United States District Court, Central District of California
May 17, 2024
CV 24-02127-VBF (DFM) (C.D. Cal. May. 17, 2024)

Opinion

CV 24-02127-VBF (DFM)

05-17-2024

Joe Lewis Valentine v. F. Guzman


Present: The Honorable Douglas F. McCormick, United States Magistrate Judge

CIVIL MINUTES - GENERAL

Proceedings: (IN CHAMBERS) Order to Show Cause

On March 12, 2024, Petitioner Joe Lewis Valentine, a state prisoner proceeding pro se, constructively filed a petition for writ of habeas corpus under 28 U.S.C. § 2254. See Dkt. 1 (“Petition”).
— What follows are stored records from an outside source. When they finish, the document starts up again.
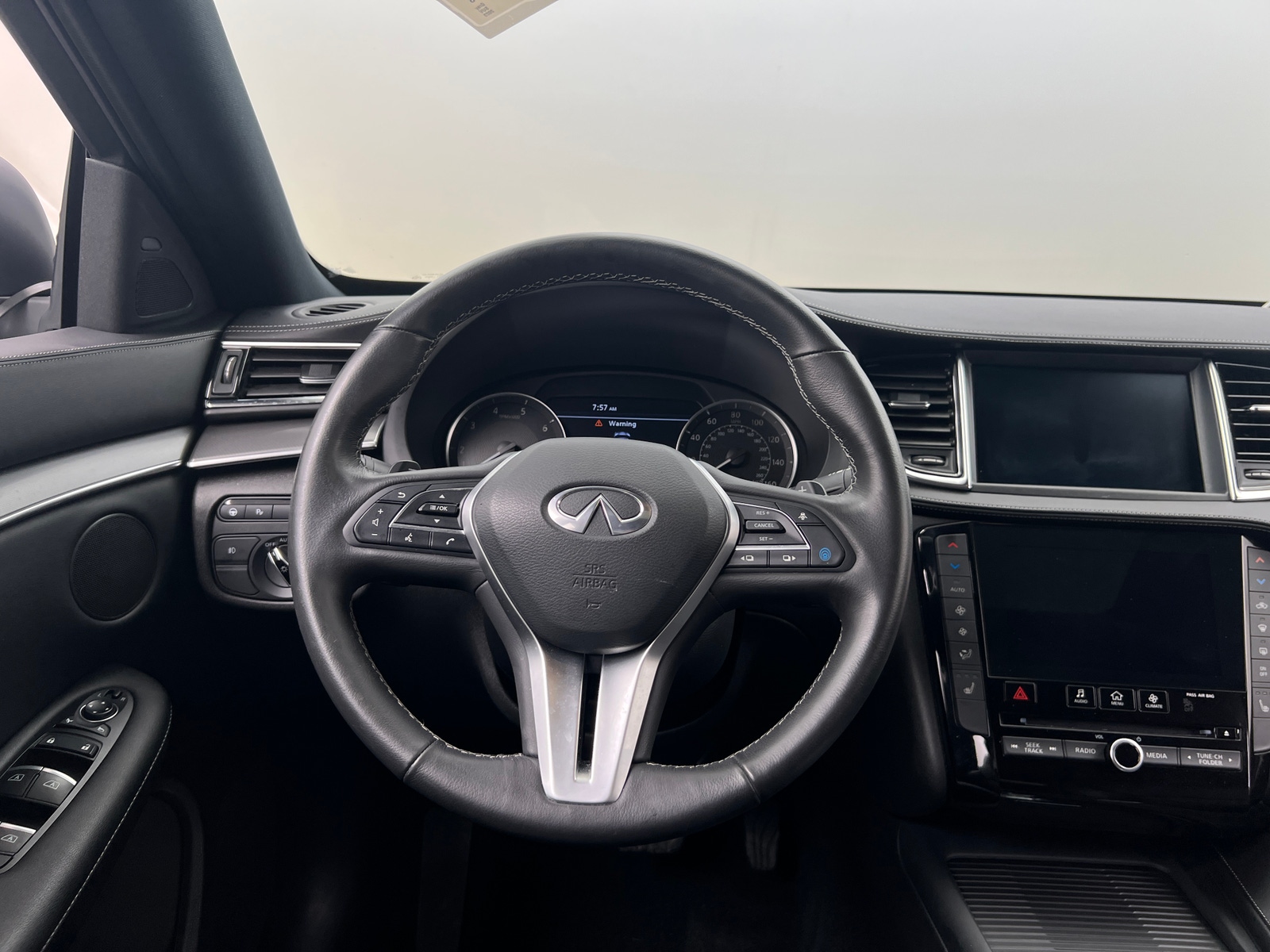 Thumbnail: 2023 INFINITI QX55 - 4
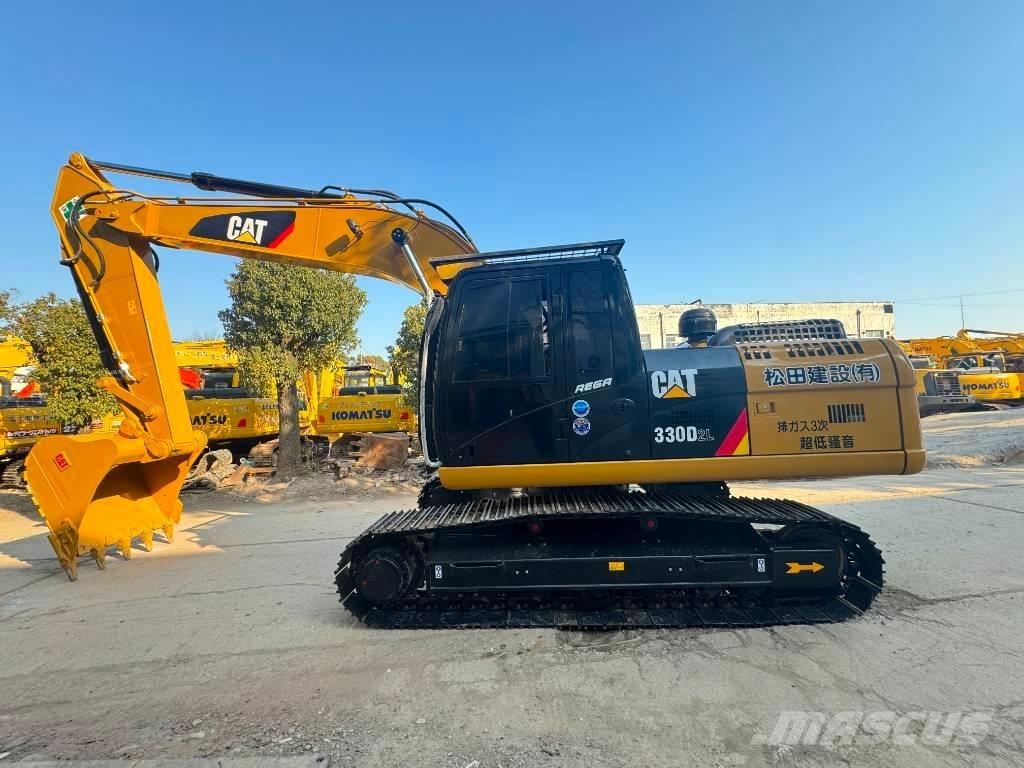 CAT 330D2L Paletli ekskavatörler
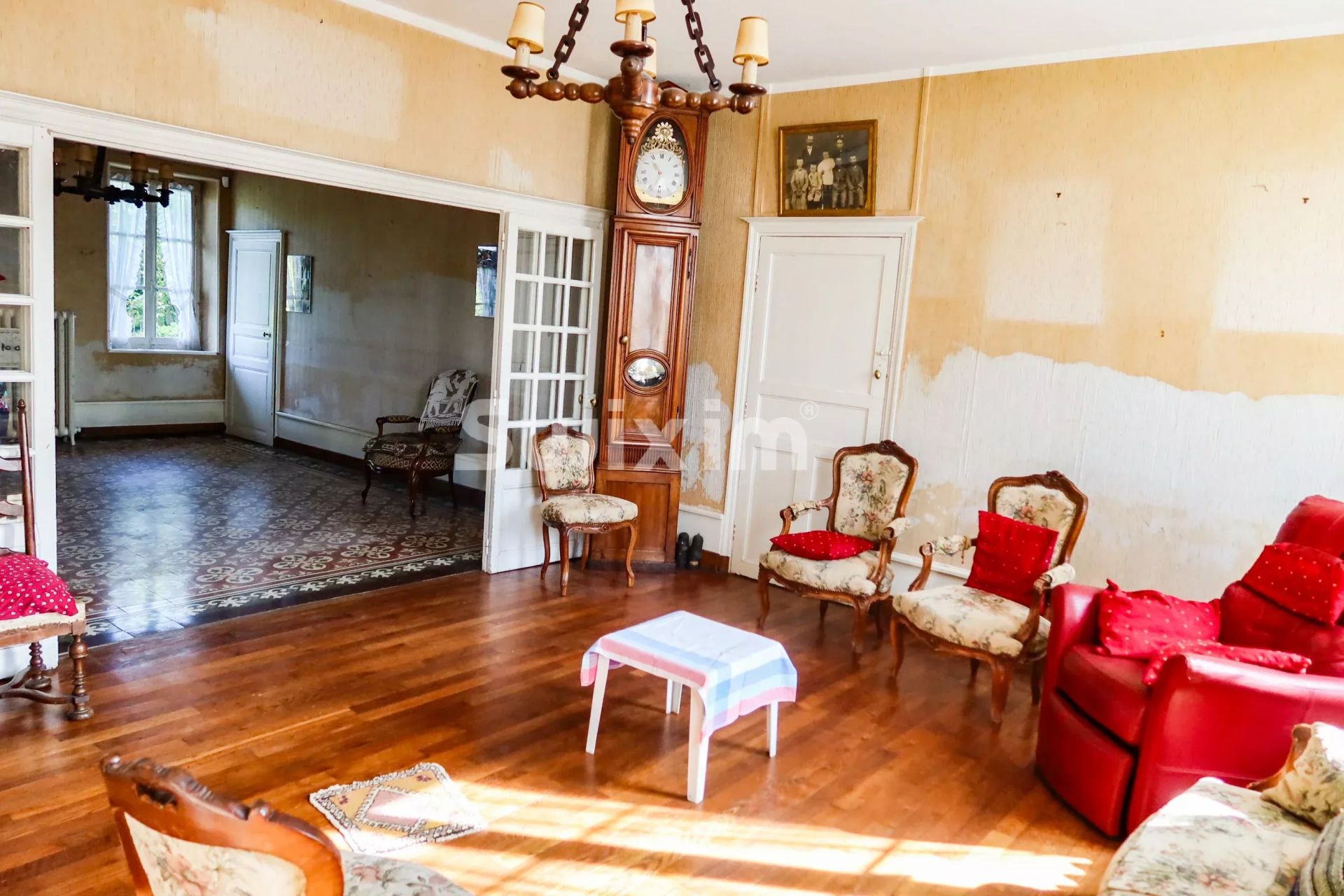 propiedad 12 Salas en venta en Ciel (71350)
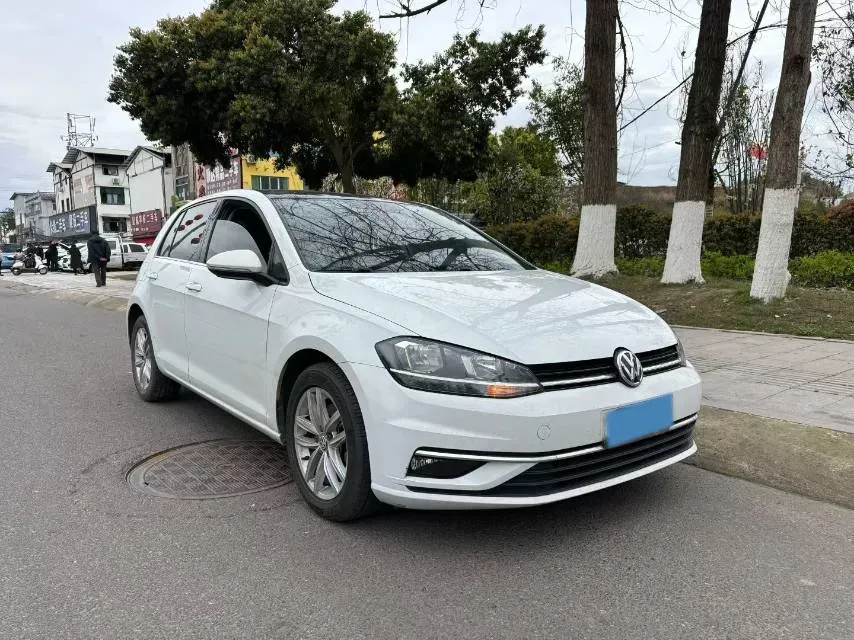 2019 Brilliance Auto V7 1.8T 231HP L4 7DCT,autocango,china used car exporter,china ev exporter,chinese used car exporter,chinese used ev exporter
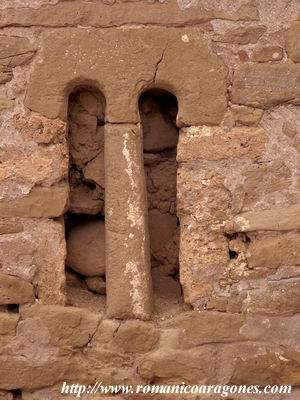 DETALLE DEL VENTANAL  GEMINADO EN LA CABECERA DEL TEMPLO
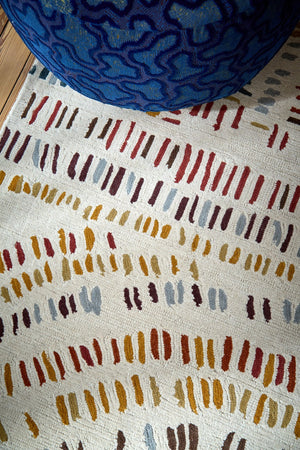 Tapis Harlequin Frescoes Amber ivoire aux traits ambre, rouille et bleu canard, dans un intérieur, troisième vue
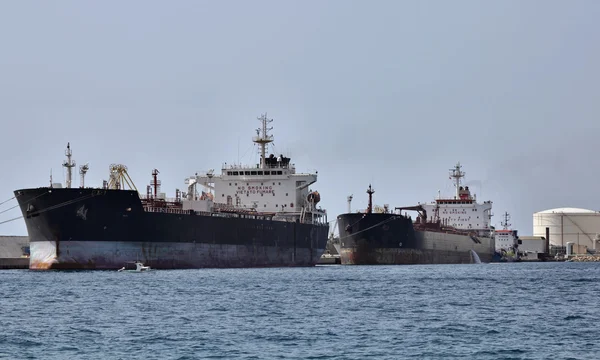 Malta Island, Marsaxlokk, empty oil tankers — Stock Photo, Image
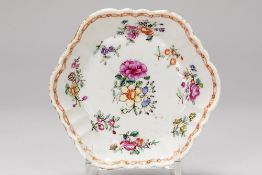 18th Cent. Chinese hexagonal "patti" in porcelain with floral 'Famille Rose' decor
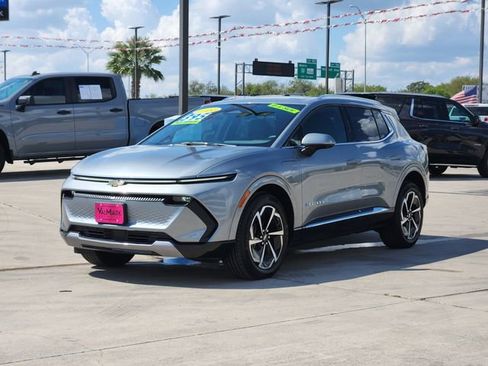 New 2025 Chevrolet Equinox EV LT image 2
Rule 4 allows a district court to dismiss a petition if it “plainly appears from the petition and any attached exhibits that the petitioner is not entitled to relief in the district court.” Rule 4, Rules Governing Section 2254 Cases; see also Gutierrez v. Griggs, 695 F.2d 1195, 1198 (9th Cir. 1983) (explaining that Rule 4 “explicitly allows a district court to dismiss summarily the petition on the merits when no claim for relief is stated”). For the reasons set forth below, Petitioner is ordered to show cause why the Petition should not be dismissed for failure to state a cognizable federal habeas claim.

I. BACKGROUND

Petitioner is serving a sentence of 25-years-to-life for his conviction of conspiracy to commit murder (Cal. Penal Code §§ 182, 187(a)) (plus a one-year firearm enhancement under Cal. Penal Code § 12022(a)), entered in the Superior Court for the County of Los Angeles in 1982, Case No. A366030. See Petition at 2. In this action, Petitioner challenges his parole denial, asserting that the California Board of Parole (“Parole Board”) violated his due process and equal protection rights during his May 21, 2020, parole hearing. See Petition at 5.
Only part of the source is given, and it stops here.